**The data:**
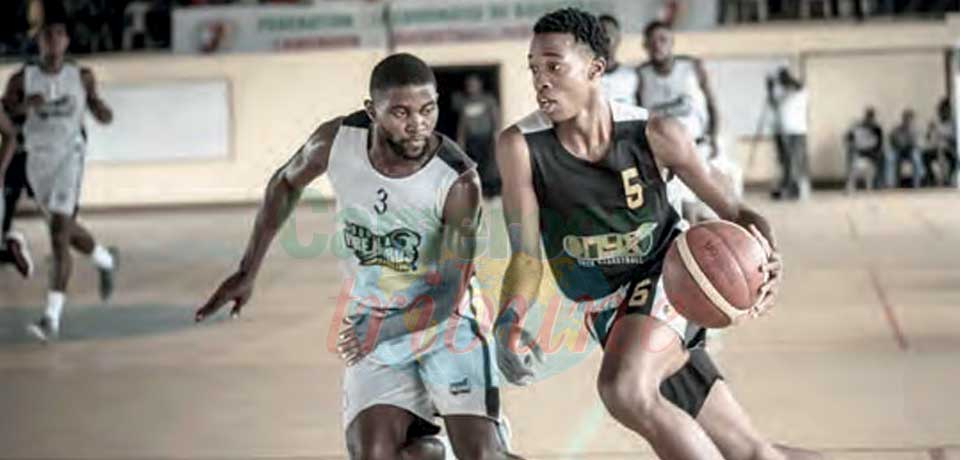 Basketball : Epic Fight For Title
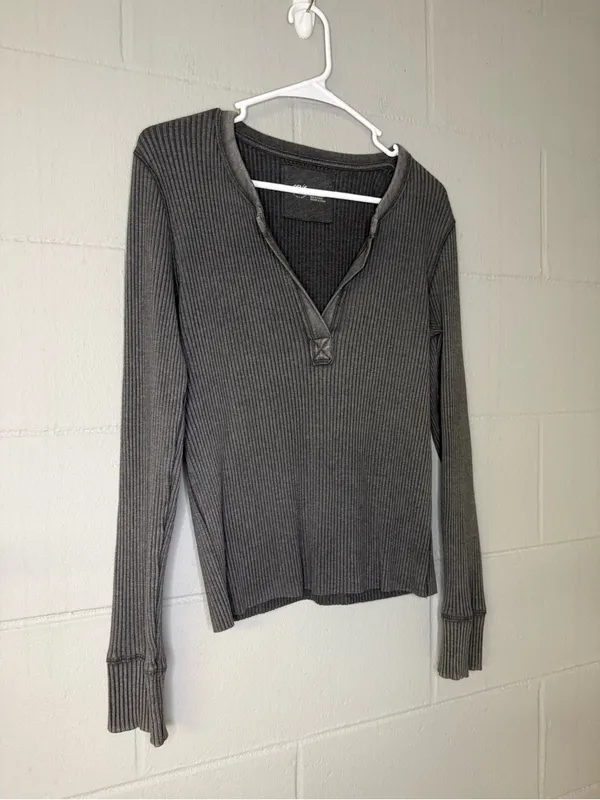 Aerie Fireside Long Sleeve Henley T-Shirt in Dark Grey Women’s Size Medium Tee - Image 5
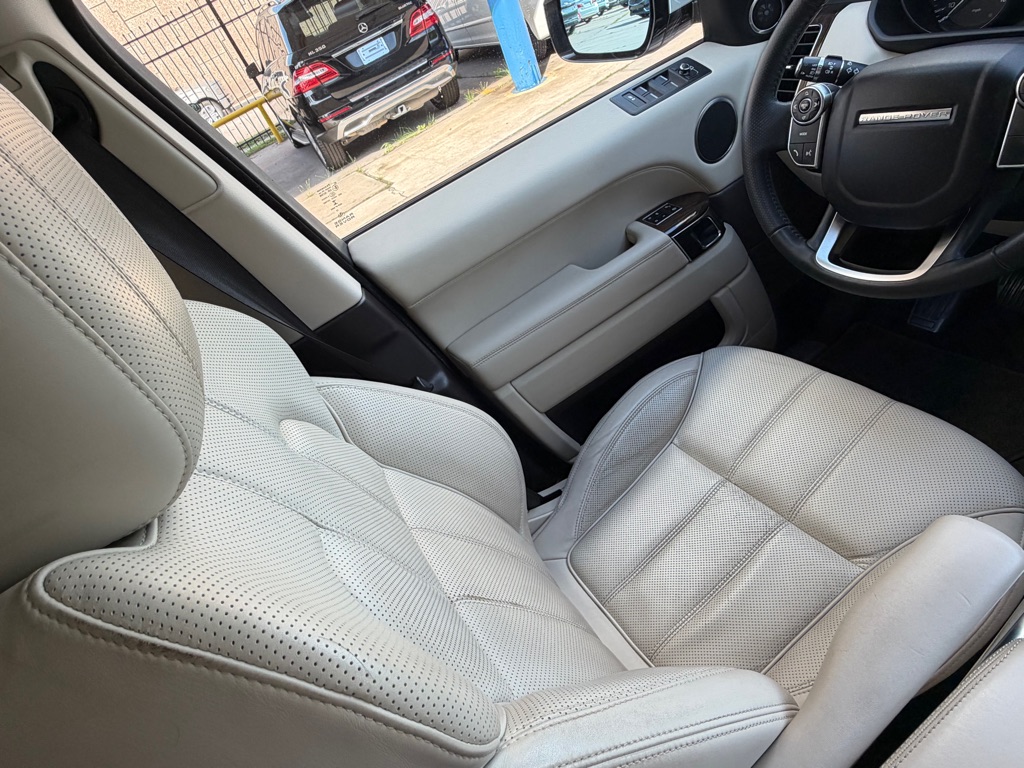 Photo 22 of this LAND ROVER RANGE ROVER SPO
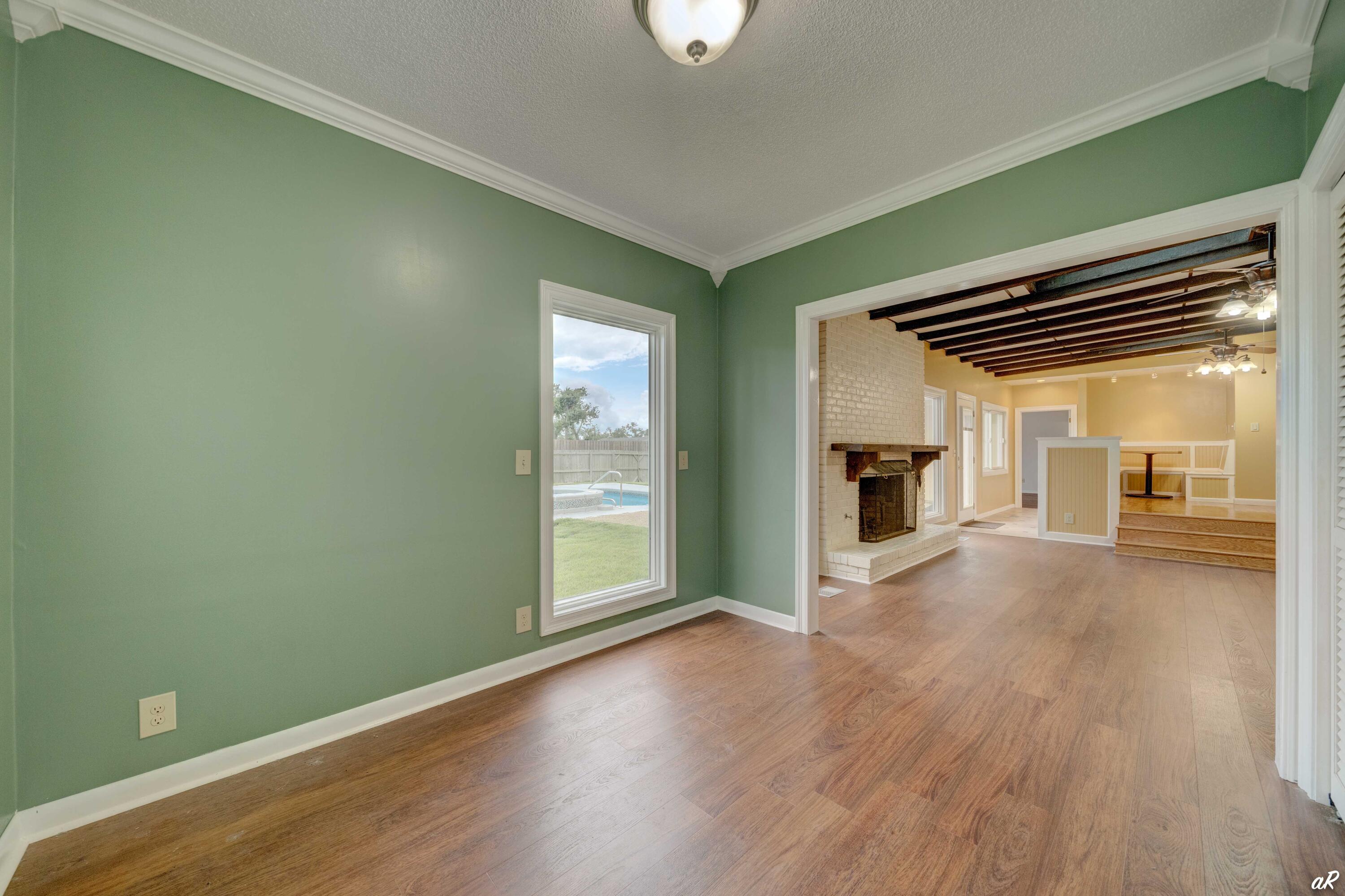 COVE TERRACE 2ND ADDN - Residential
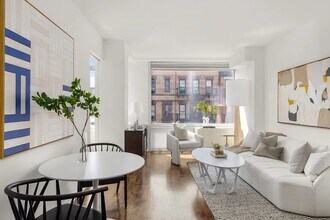 425 E 13th St in New York, NY - Building Photo - Building Photo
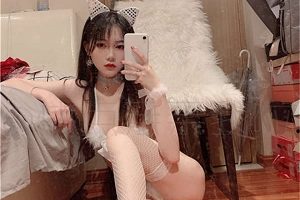 高颜值的魔法秋秋,快点亲亲我,让我变成高富帅。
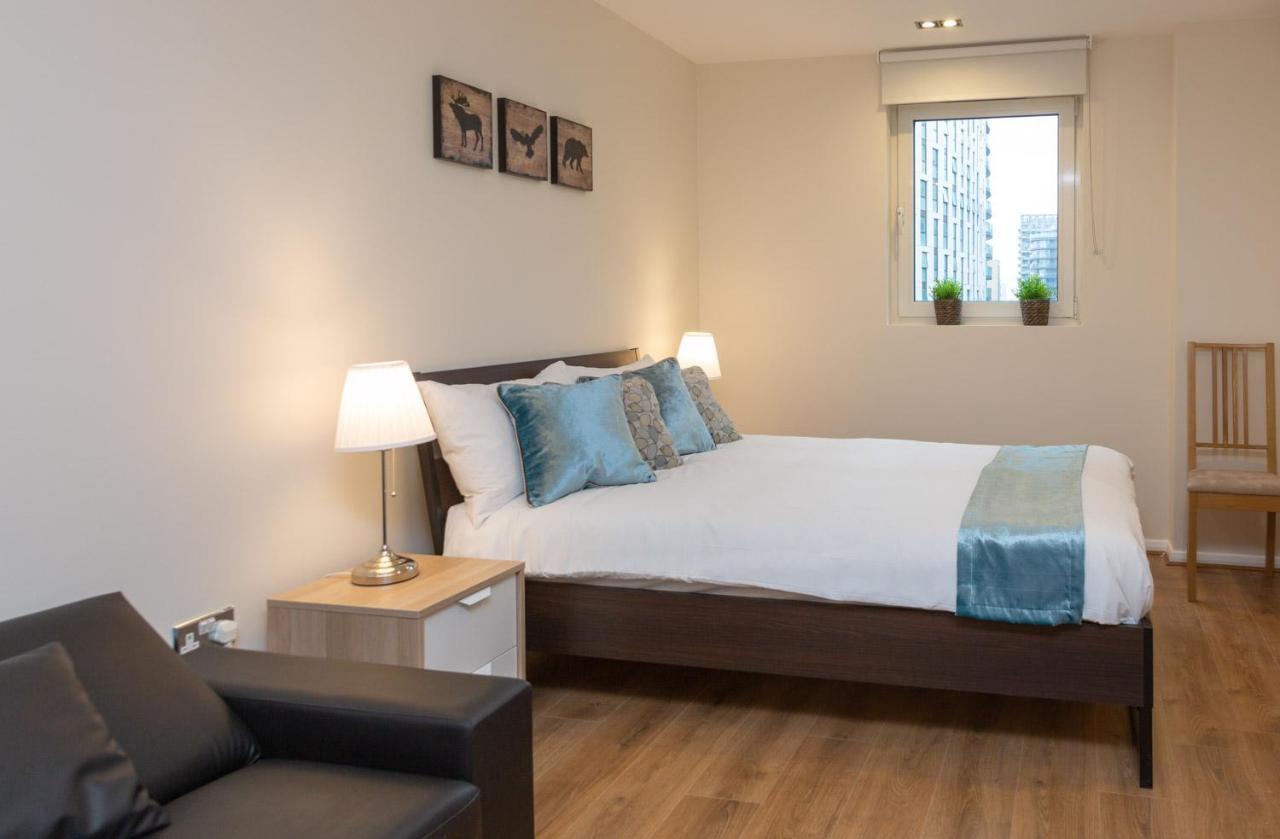 Royal Crossharbour Apartment 伦敦 外观 照片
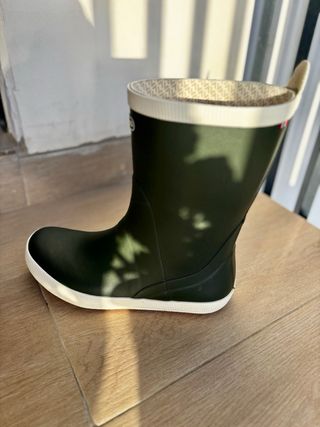 ¡REBAJADAS! Botas de agua, marca Viking 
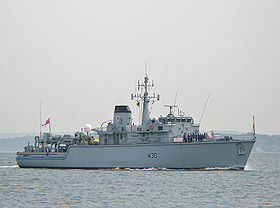HMS Ledbury (M30) in Portsmouth 2007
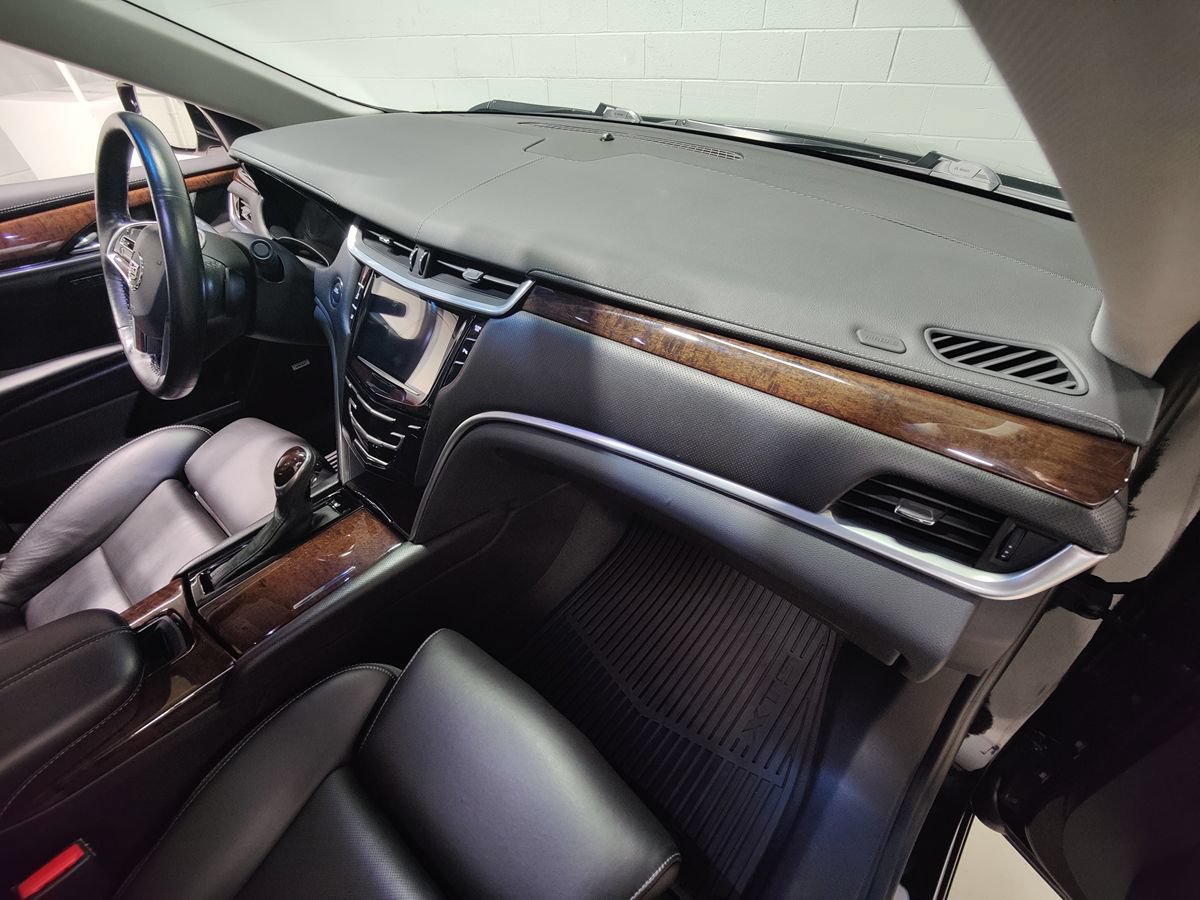 Used 2013 Cadillac XTS Luxury w/ Driver Awareness Package AWD/4WD image 14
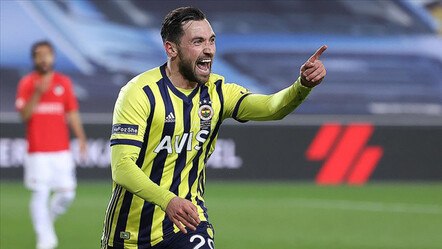 Fenerbahçe'de forma giyen Sinan Gümüş'ün yeni adresi Antalyaspor oldu - spor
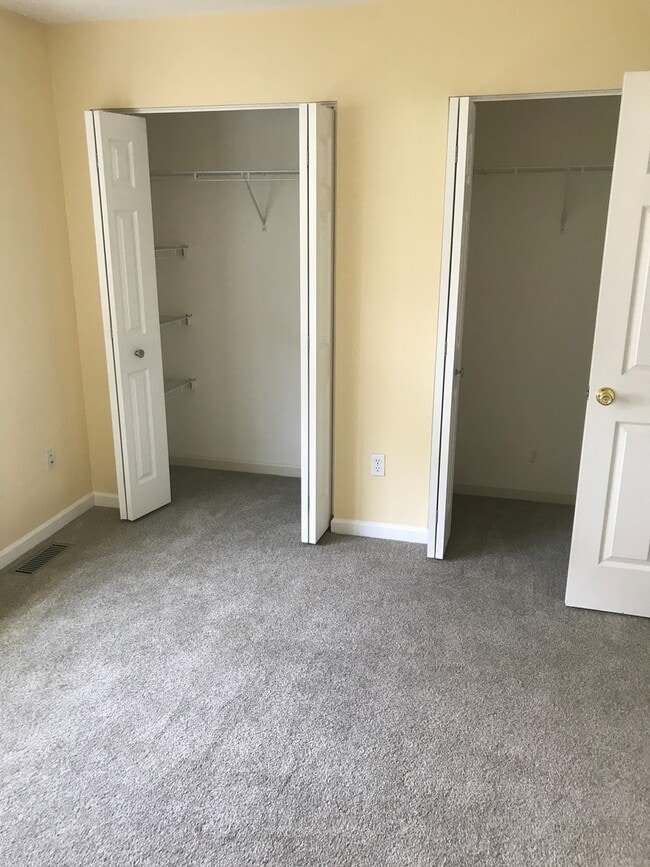 Building Photo - Beautiful State College townhouse available June!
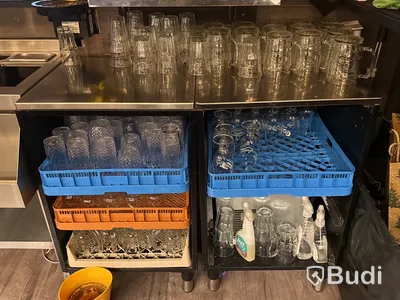 Samtliga glas i baren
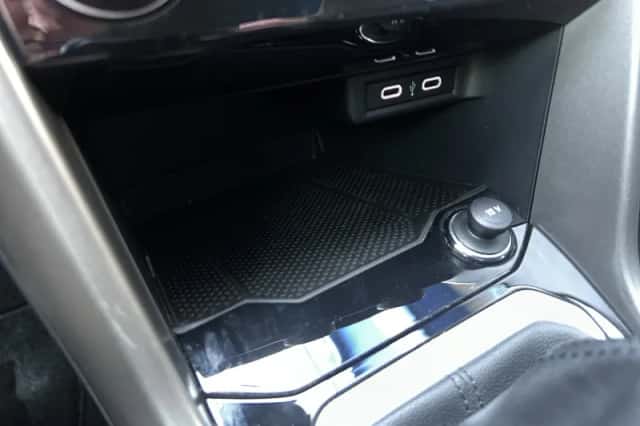 Volkswagen T-Roc (2021) thumbnail 1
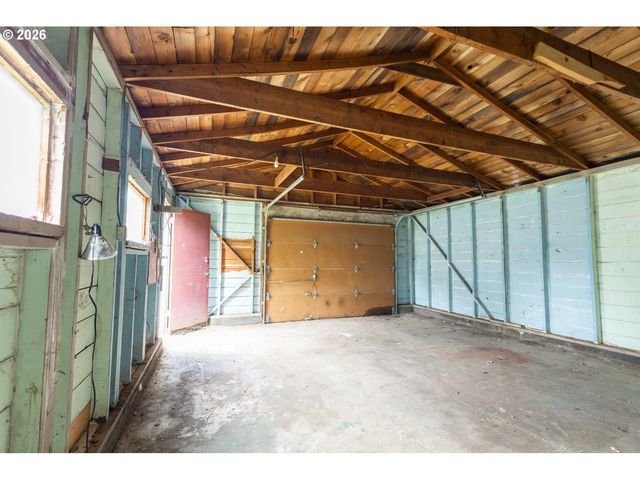7004 Se WOODSTOCK Blvd, Portland, OR 97206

**Your assignment:** Starting at the line above with "HMS Ledbury (M30) in Portsmouth 2007", output every line exactly up to and including the line with "Samtliga glas i baren", but none of the pictures.

**Written response:**
HMS Ledbury (M30) in Portsmouth 2007
 Used 2013 Cadillac XTS Luxury w/ Driver Awareness Package AWD/4WD image 14
 Fenerbahçe'de forma giyen Sinan Gümüş'ün yeni adresi Antalyaspor oldu - spor
 Building Photo - Beautiful State College townhouse available June!
 Samtliga glas i baren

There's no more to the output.